Masao Hirakubo, who died at age 88 in March, has been described as a “lynch pin” in organizing meetings between former British and Japanese troops interested in mending past differences.
He was also one of the main supporters of joint Anglo-Japanese war memorial services.
Despite being honored by the British and Japanese royal families, his efforts were snubbed by many former prisoners of war who still harbored deeply held anti-Japanese feelings.
“Hirakubo-san was the only Japanese war veteran in Britain who talked publicly about his wartime experience,” said Phillida Purvis, who worked with him on many projects. “He had a drive to bring veterans together and was a channel to Japan. I don’t believe that reconciliation between the British and Japanese veterans could have been achieved without him.”
Kenji Hiramatsu, minister and consul general at the Japanese Embassy in London, said, “Few people did more for postwar reconciliation . . . than Masao Hirakubo. His admirable legacy to Japan and the United Kingdom speaks for itself and he will be sorely missed.”
Hirakubo, who was born in Kobe, saw active service in Burma (now Myanmar) during the war and was part of the ultimately ill-fated Japanese mission to capture the Indian border settlement of Kohima from the British in April 1944.
The battle saw heavy casualties on both sides and Hirakubo was nearly killed before the Japanese moved back from their positions into Burma.
Food supplies were short and he became disenchanted with Emperor Hirohito (known posthumously as Showa) as well as the military hierarchy for its lack of planning.
He saw many of his colleagues die and he reasoned that somehow he was allowed to survive to strive for reconciliation after the war, Purvis said.
Hirakubo also said that reconciliation was important to help rebuild Burma, which had been damaged by the fighting.
After the war, he resumed working for Marubeni Corp. and in the 1960s came as its representative to Britain, where he stayed and raised a family.
In the late 1980s, two former British soldiers who had served in Burma were put in touch with Hirakubo to seek reconciliation with their former foes.
He joined the two men on a visit to Japan where they were shown great kindness.
Because he had links with the All Burma Veterans Association of Japan he was able to arrange trips to Japan with other British veterans between 1989 and 1995, and organized reciprocal trips in 1992 and 1994.
Hirakubo and his team were able to translate moving statements of reconciliation from the former soldiers which were read out on the visits.
It was out of this initiative that in 1995 the Burma Campaign Fellowship Group was established.
Hirakubo was one of the driving forces in the group made up of former British soldiers and prisoners of war who were seeking reconciliation with Japan.
He supported Anglo-Japanese joint commemoration services that have taken place since 1999 in various British cathedrals and Buddhist temples.
Philip Malins, a Burma veteran who made several reconciliation visits to Japan said: “Of all the Japanese, he did more for reconciliation than anybody else.

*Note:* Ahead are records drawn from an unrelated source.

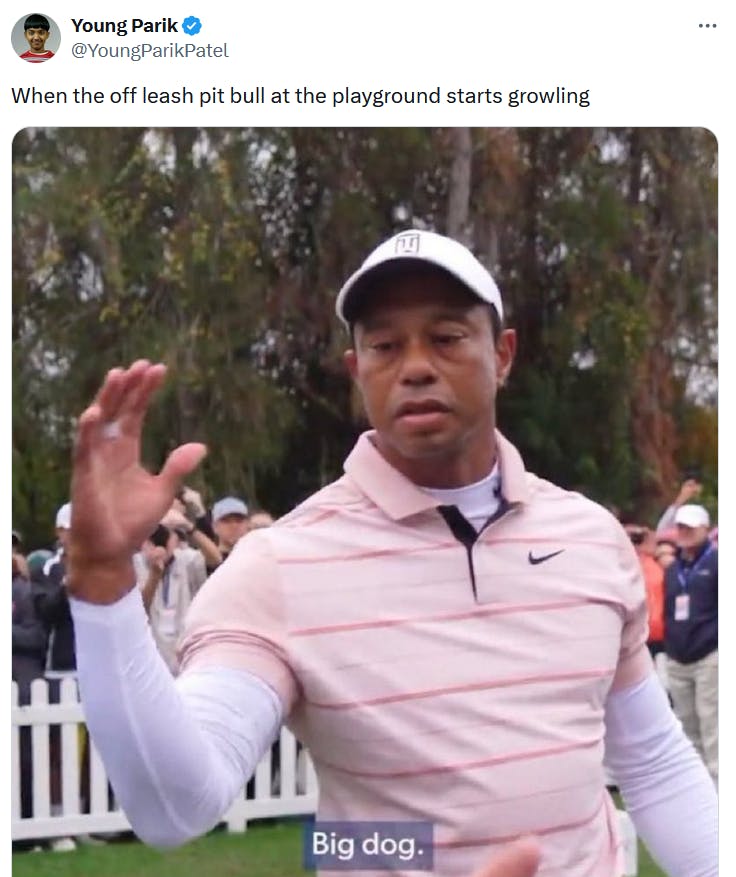 Tiger Woods big dog meme about pit bulls.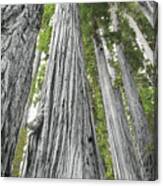 Redwoods Forest Iv Bw With Color Canvas Print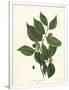 Gramercy White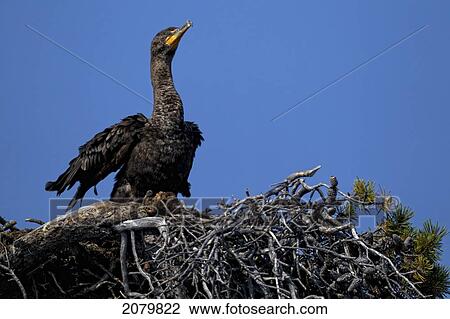 Stock Image - Cormorant In Abandoned Osprey Nest, British Columbia.. Fotosearch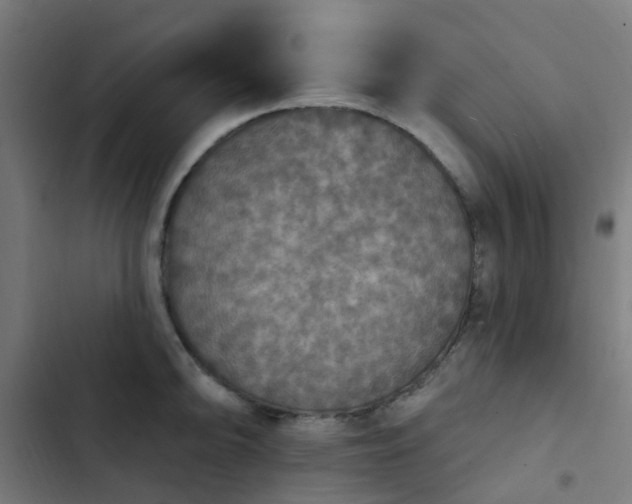 X0000103951094200809261743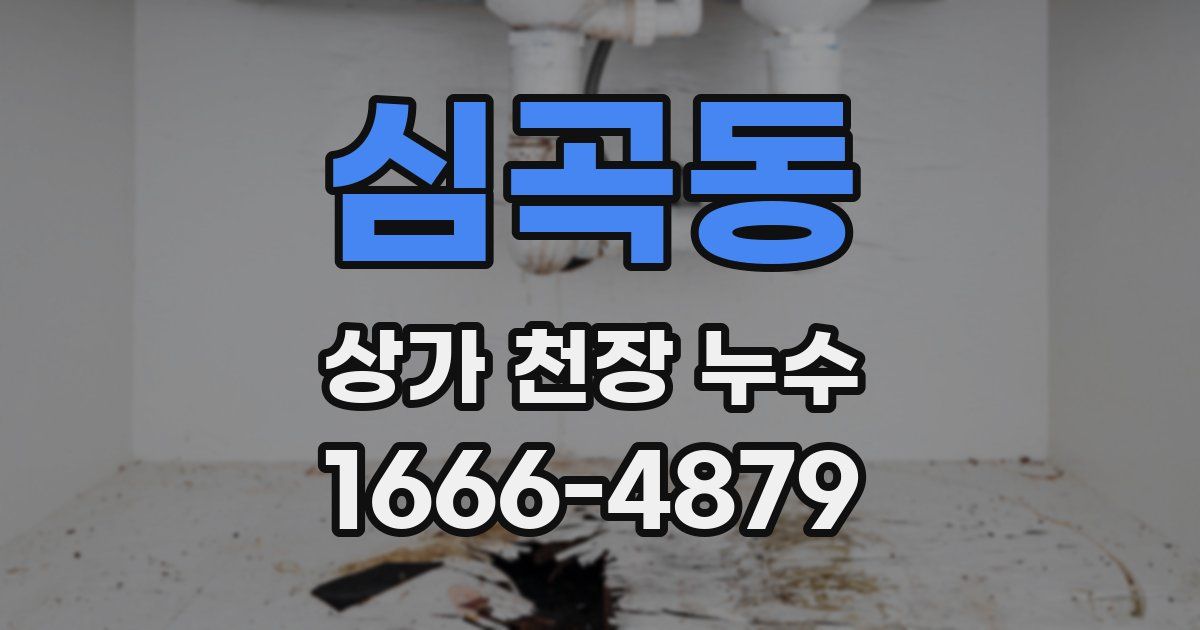 심곡동 상가 천장 누수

“Because he was a Japanese veteran of Burma the great majority of prisoners of war and those who fought in Burma didn’t want to have anything to do with him.
“But he was a very persistent man and he didn’t let all this get him down.”
Hirakubo returned to Kohima, where he helped with the building of a cathedral, and traveled to nearby Imphal to take part in acts of reconciliation.
Despite his age, he remained a constant figure in the reconciliation movement in Britain and helped launch the Burma Campaign Society when the Burma Campaign Fellowship Group closed down in 2001.
“He has enriched our lives. Our former enemies are now our greatest friends,” Malins said.